Scritto da Lorenzo Gaiani.

Lorenzo GaianiArticolo pubblicato da Libertà Eguale.

Non condivido la posizione di coloro che meditano di abbandonare il Partito Democratico a seguito della vittoria di Nicola Zingaretti.
In primo luogo perchè l'alto livello di mobilitazione dimostra che vi è ancora un popolo - gente vera, non click su piattaforme informatiche truffaldine- che vede nel PD il maggior baluardo contro la barbarie carioca, e sarebbe ingeneroso ed irrispettoso verso queste persone rispondere al loro voto con una diserzione.
In secondo luogo, se anche dietro all'originario progetto di candidatura di Zingaretti vi poteva essere un disegno, per così dire, restaurazionista, è abbastanza improbabile che persone che hanno collaborato alla stagione riformista della legislatura passata, compresa la quasi totalità dei Ministri di allora, vogliano assistere tranquillamente allo smantellamento dell'opera loro.
In ogni caso, l'unico vero tentativo restaurazionista fu quello di Bersani nei primi due anni della sua segreteria, e fallì miseramente, perchè spostare le lancette all'indietro sull'orologio della storia è un'impresa impossibile.
Si teme forse un accordo con i Cinquestelle in caso di un crollo dell'attuale Governo? A me pare che nel corso di quest'anno il solco che esisteva fra di noi e gli impiegati della Casaleggio&Associati si sia solo approfondito, e l'offensiva battuta di Grillo ("una castroneria", secondo le parole dell'insospettabile Paolo Mieli) sulla grande manifestazione milanese del 2 marzo-ad oggi, ricordiamocelo, l'unica reazione ufficiale del M5S a quell'importante evento- è lì a dimostrarlo. I Cinquestelle in quest'anno si sono fatti complici e manutengoli di tutte le scelte xenofobe e razziste di Salvini, e come lui e con lui meritano di essere giudicati politicamente. Altra cosa evidentemente sono i loro elettori, che debbono essere recuperati ad una vera proposta riformista la quale sia capace di parlare a tutto il Paese.

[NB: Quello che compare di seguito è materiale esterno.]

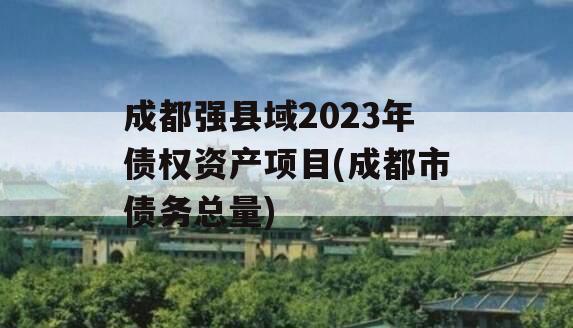 成都强县域2023年债权资产项目(成都市债务总量)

Temiamo forse un rientro dei fuoriusciti di LeU? Credo che nel suo pragmatismo e realismo Zingaretti sappia bene che l'immissione nel PD di un ceto politico famelico e inconcludente di "professionisti della disperazione", secondo l'icastica definizione di Bruno Trentin, non sia in alcun modo un valore aggiunto per il Partito. Altra cosa è la ricerca di alleanze possibili, come si tentò di fare anche prima delle elezioni del 2018, a condizioni chiare e nette e senza ambiguità sul profilo riformista ed europeista del PD.
No, non è questo il tempo di nuovi esperimenti (quali poi? E con quale prospettiva?) ma di rafforzamento della battaglia per la costruzione di un'alternativa al nazionalpopulismo, e se qualcuno è alla ricerca spasmodica di un nemico non ha che l'imbarazzo della scelta, perché quel nemico esiste, ma si chiama Salvini e Di Maio, Calderoli e Di Battista, Pillon e Toninelli. Avanti insieme, che la strada è lunga.